Many people in America are trying to improve the health and fitness. One of the main reasons people try to be more active and take control of their diets is to lose weight. There are many different ways to lose weight efficiently but it is important to do some sort of weight training to help preserve the muscle that you already have. If you are trying to lose weight, you should be trying to drop fat and preserve muscle. This article is going to try to cover some of the ways to maximize fat loss while maintaining the muscle you already have.
Diet
Diet is responsible for almost 90% of weight gains or losses. If you do not have your diet under control it is hard to maintain consistent progress to reach your goals. If I could suggest one thing to help people, it is to track their diets. Knowing exactly how much you are eating, and how much you are gaining or loosing you can tell if you need to eat more or less to achieve your goals.

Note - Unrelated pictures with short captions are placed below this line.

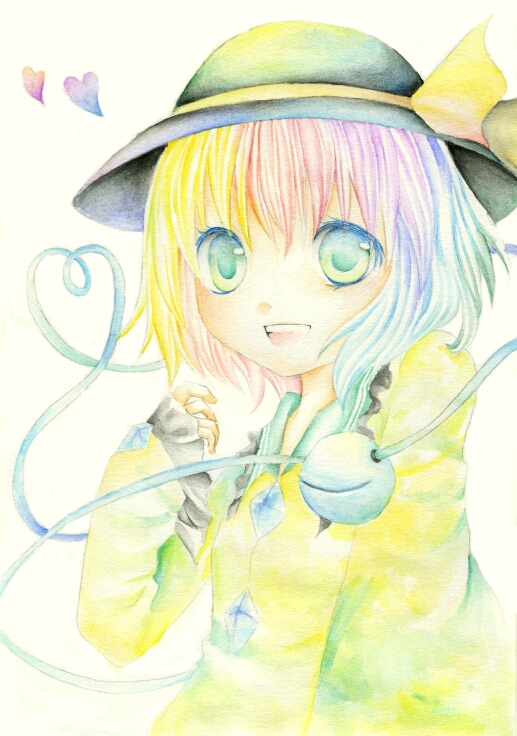 umebayashi saki, komeiji koishi, touhou, bad id, bad pixiv id, painting (medium), traditional media, watercolor (medium), 1girl, female focus, green eyes, hat, hat ribbon, heart, multicolored hair, open mouth, portrait, ribbon, short hair, solo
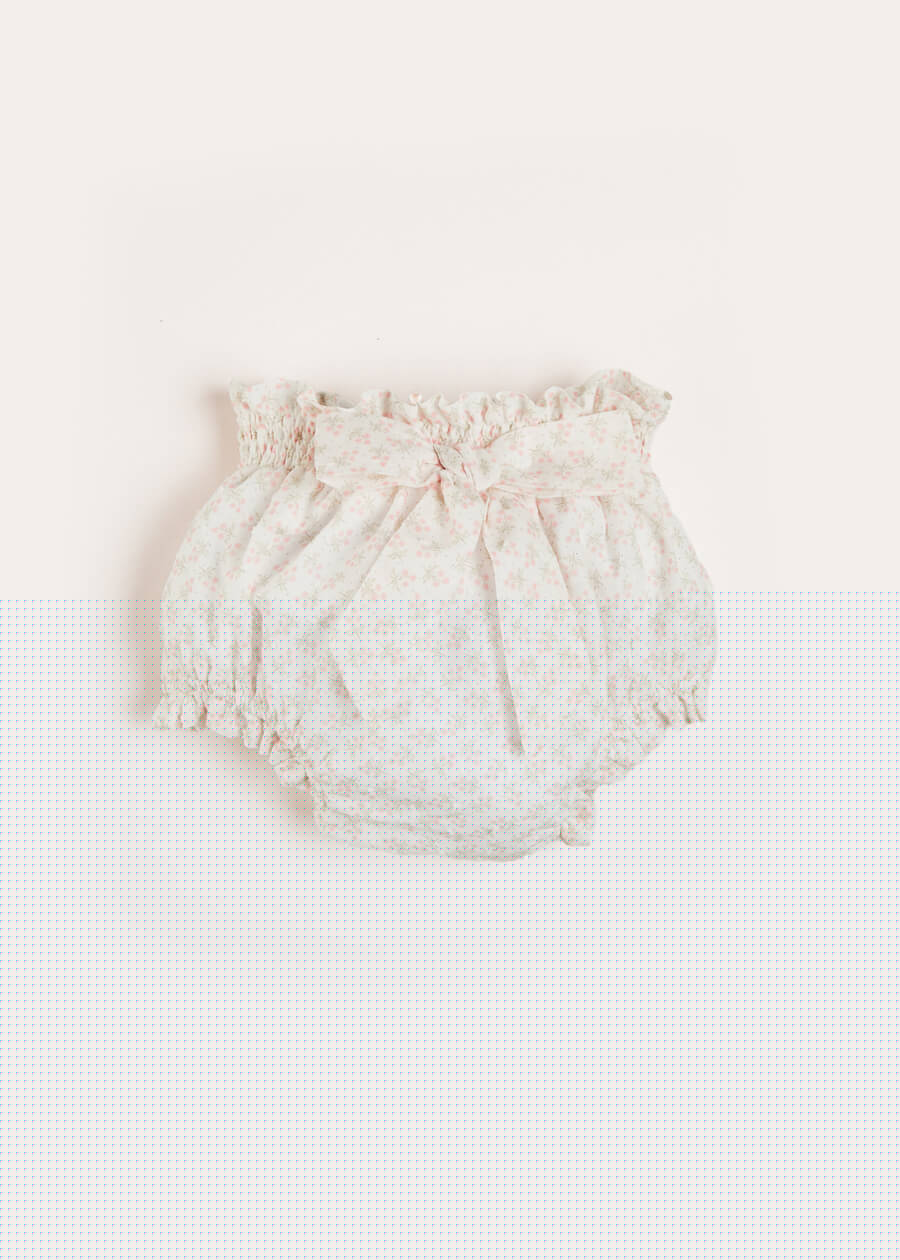 Tilly Floral Print Bloomers With Bow Detail in Pink (1-6mths) Bloomers  from Pepa London
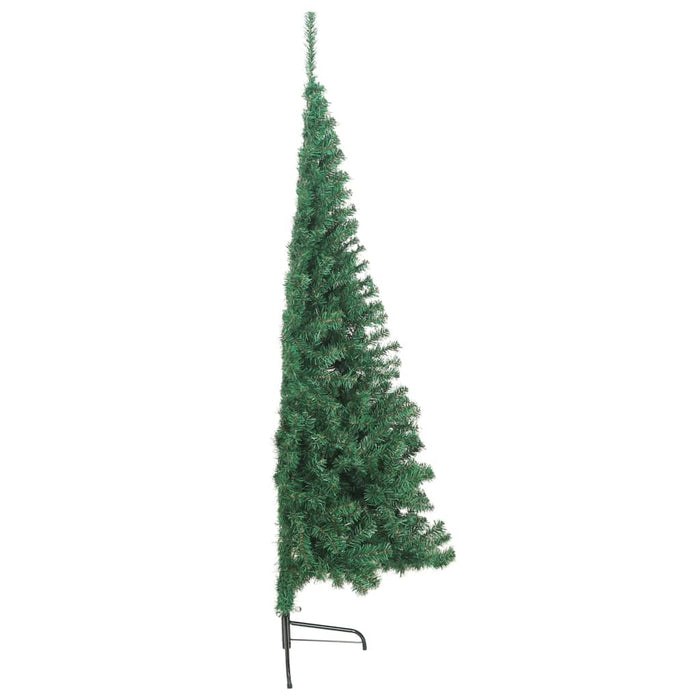 Albero di Natale Artificiale Metà con Supporto Verde in PVC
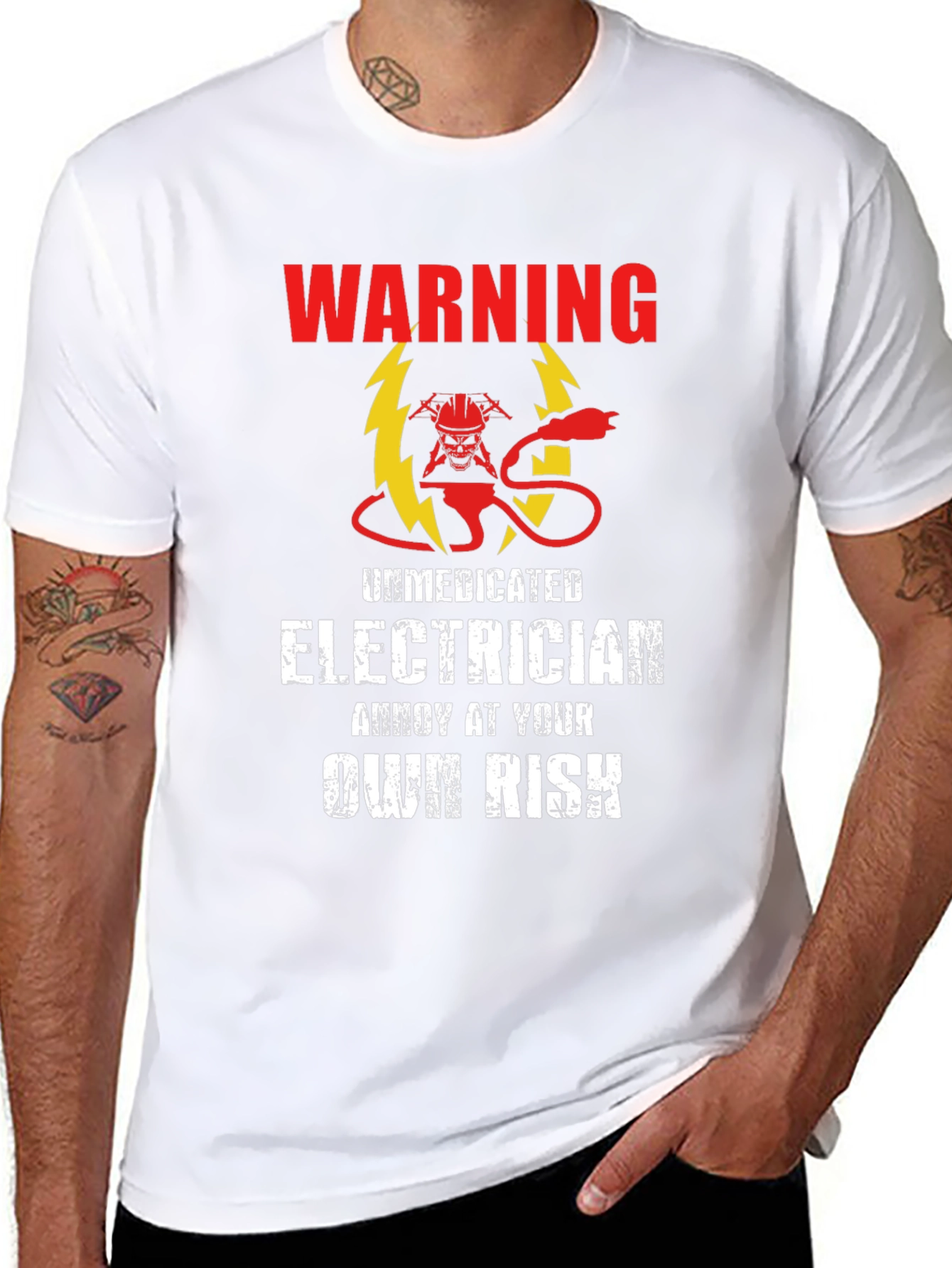 Warning Unmedicated Electrician T-Shirt - 8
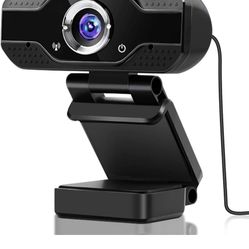 Webcam, USB Webcam with Microphone, 1080P HD Video Webcam, Streaming Computer Web Camera with 120° Vertically Rotation and 90° Wide View Angle, USB Co
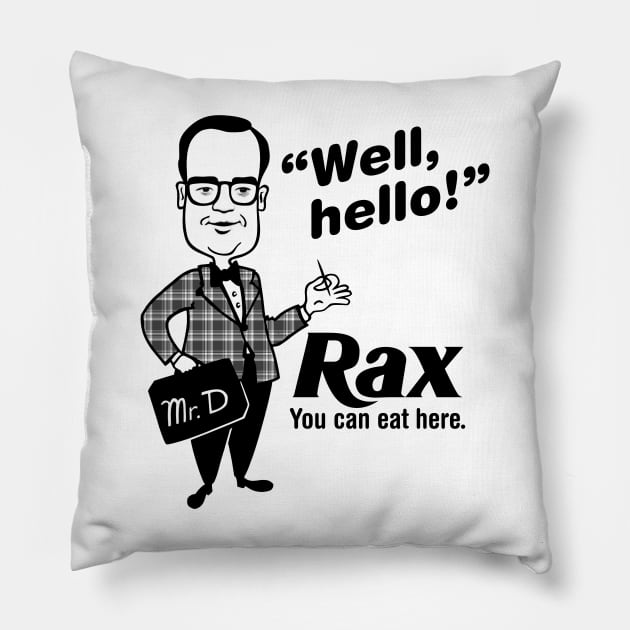 Rax Roast Beef Mr. Delicious vintage fast food Pillow by carcinojen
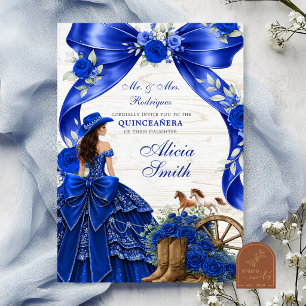 Invitation Coquette Western Charra Quinceanera nœud bleu mari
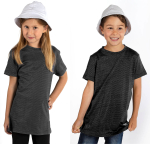 T-shirt per bambini in cotone organico nero lavorato a maglia argento taglie 116,128,140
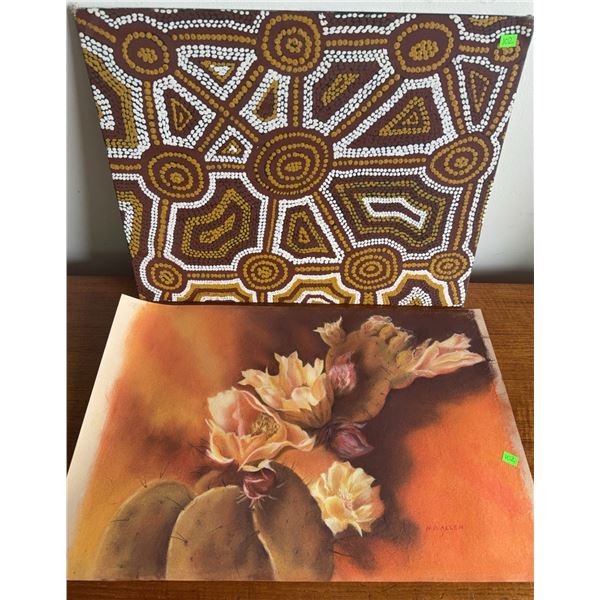 2 Artworks: Abstract Dot Painting and Floral Cactus Pastel (With Measurements)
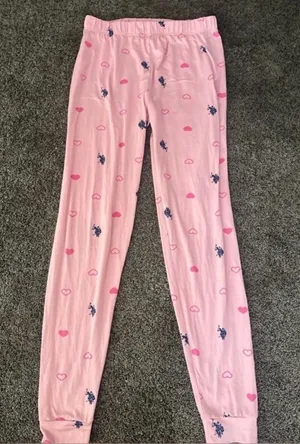 U.S. Polo Assn. Pink Heart Pajama Bottoms Size Small 0270 thumbnail 1
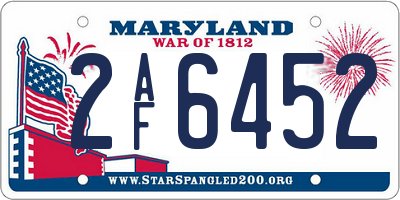 MD license plate 2AF6452
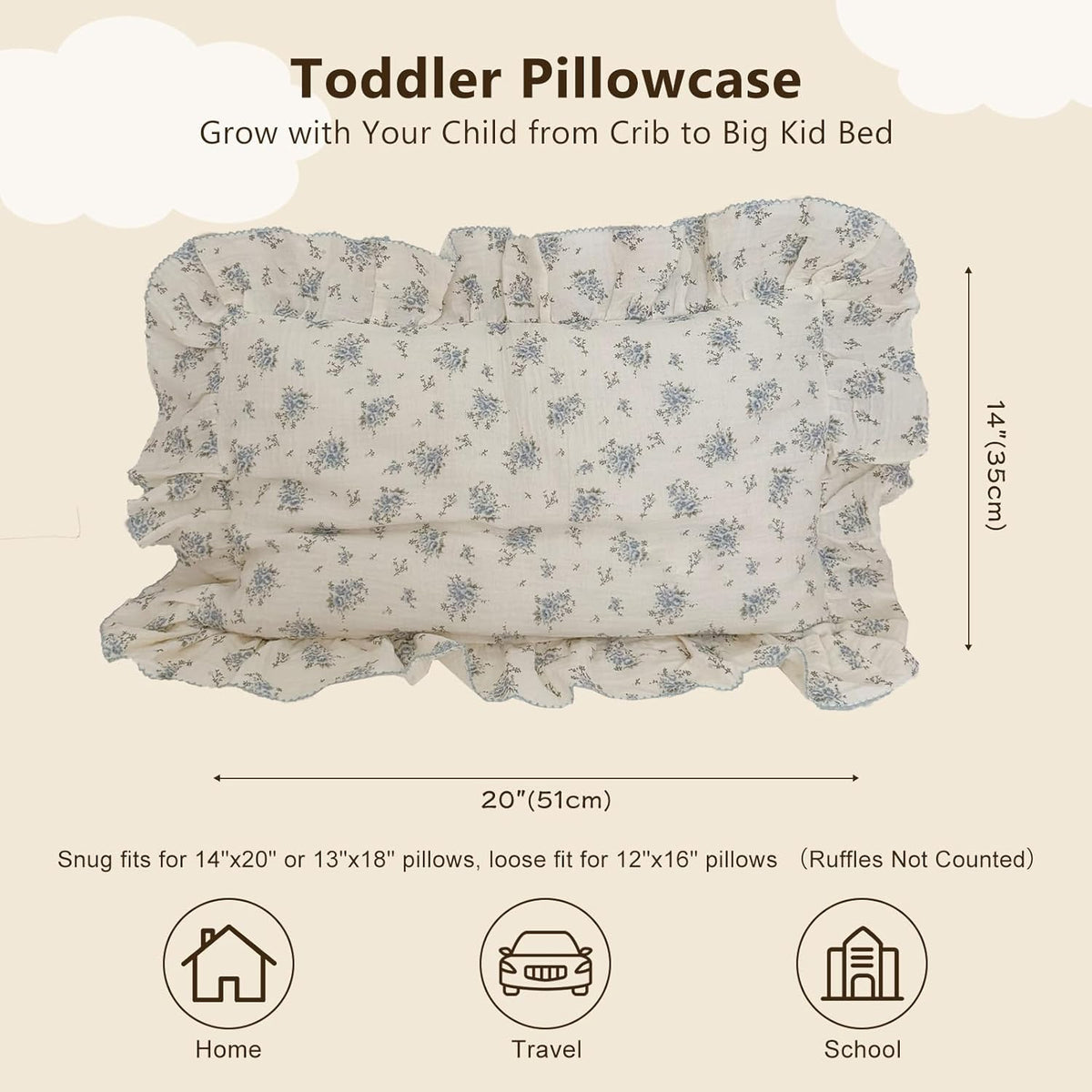 BuLuTu Cotton Muslin Toddler Pillowcases with Blue Flowers Print Soft Breathable Gauze Small Pillow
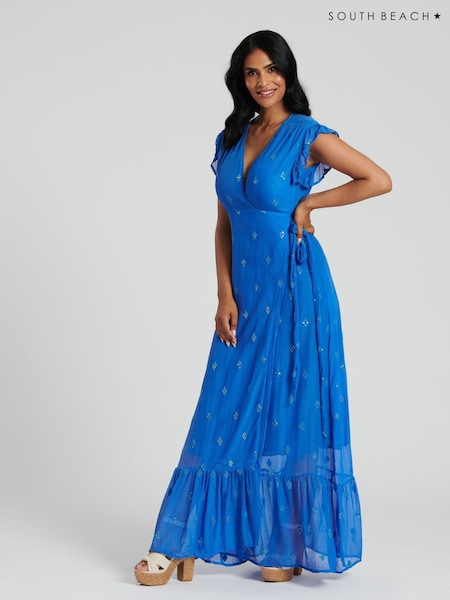 South Beach Sequin Detail Wrap Midi Dress (F30034) | ‏251‏₪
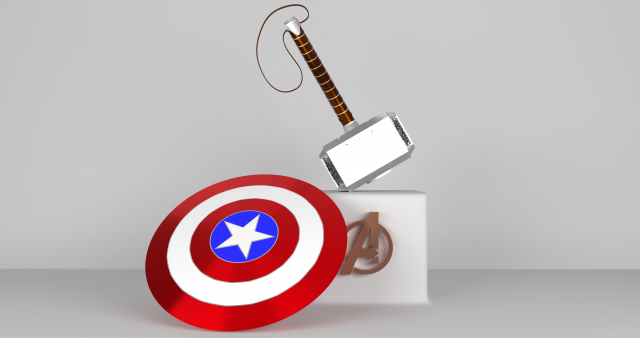 thor and captain america shield 3D-Modell .c4d .max .obj .3ds .fbx .stl .blend 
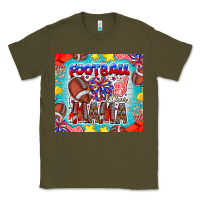 Army Green Football Mama Classic Tee - CowhideDigitalArt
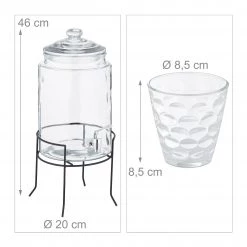 Relaxdays Getränkespender Set mit 4 Trinkgläsern 17 Relaxdays Getränkespender Set mit 4 Trinkgläsern -Kannen & Krüge Verkaufsgeschäft 7c97823e31f744dc865296600cbc1abf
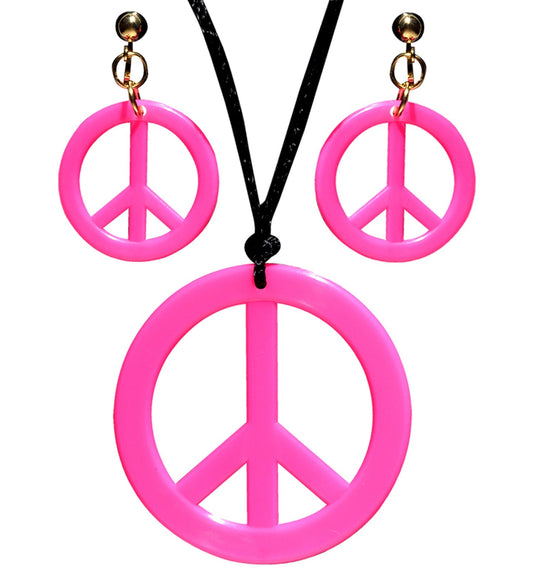 Neon pink peace sign necklace and matching earrings set in hippie style.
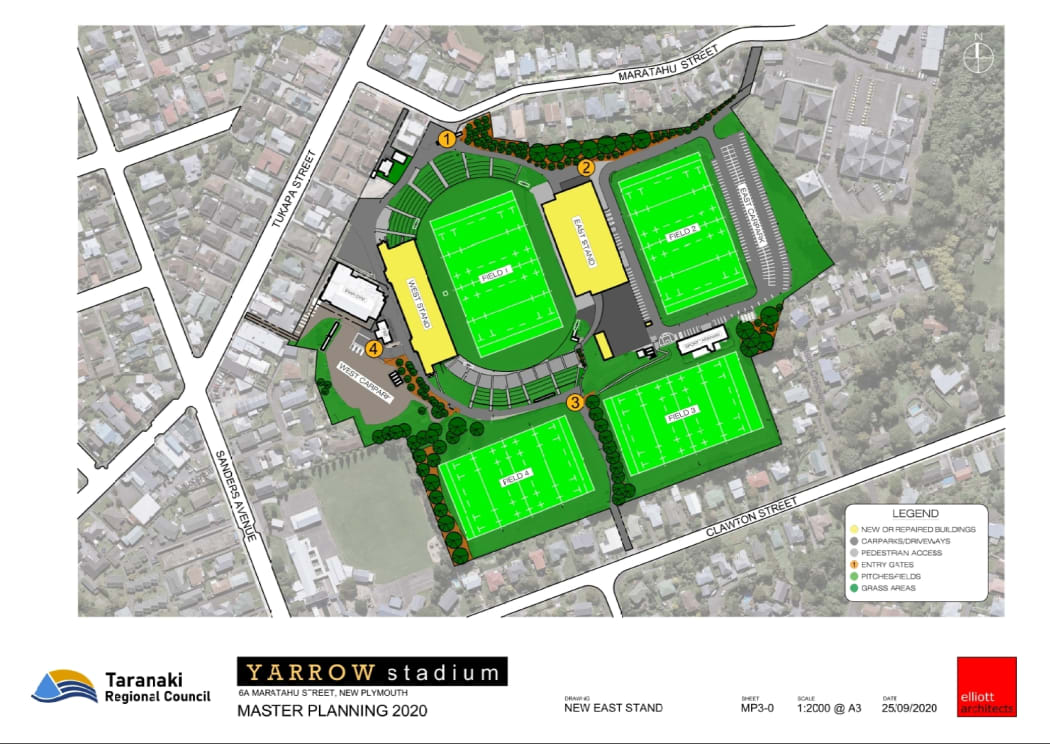 Plans for Yarrow Stadium in New Plymouth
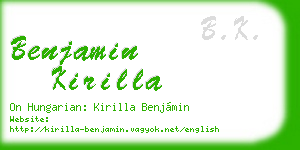 benjamin kirilla business card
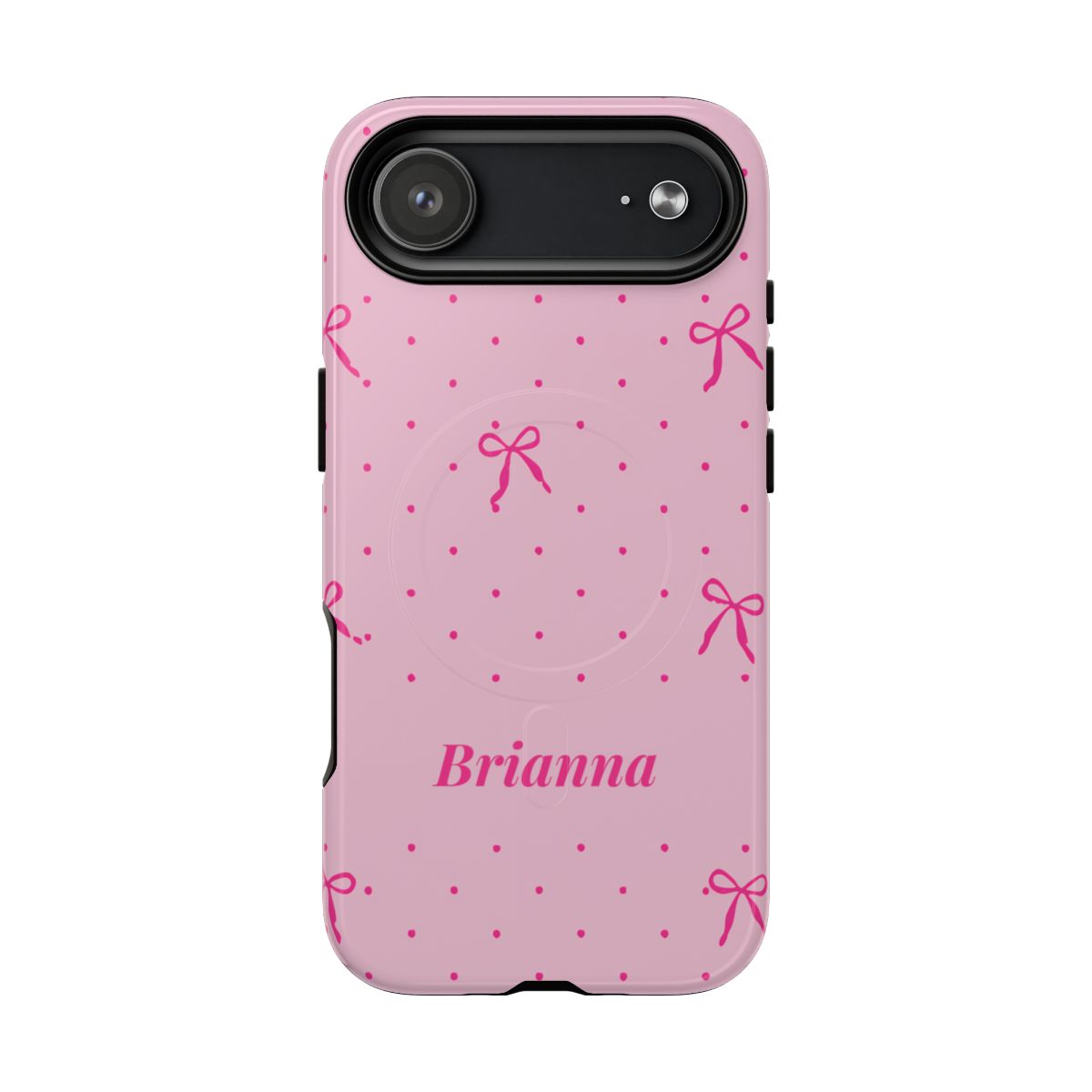 Personalized Pink Bow Phone Case – Custom Name Polka Dot Coquette Aesthetic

It’s important to determine how much you need to eat to maintain your current weight. This can be found from online calculators or be found from trial and error. Once you know this number you can simply eat more or less if you want to gain or lose weight.
Lifting
Keeping weight training you’re your weight loss routine is very important. When you are trying to lose weight, you are trying to lose fat not muscle. To give your body a reason to hold onto the muscle that you already have, you should do some type of resistance training. Not only will this help you hold onto your muscle but it might also build some muscle if you have never properly lifted before. Like I said earlier, don’t worry about getting bulky muscles over night from weight lifting. It takes time to build muscles just as it takes time to lose fat. Be sure to take your time when you are working towards your fitness goals, this is a marathon; not a sprint.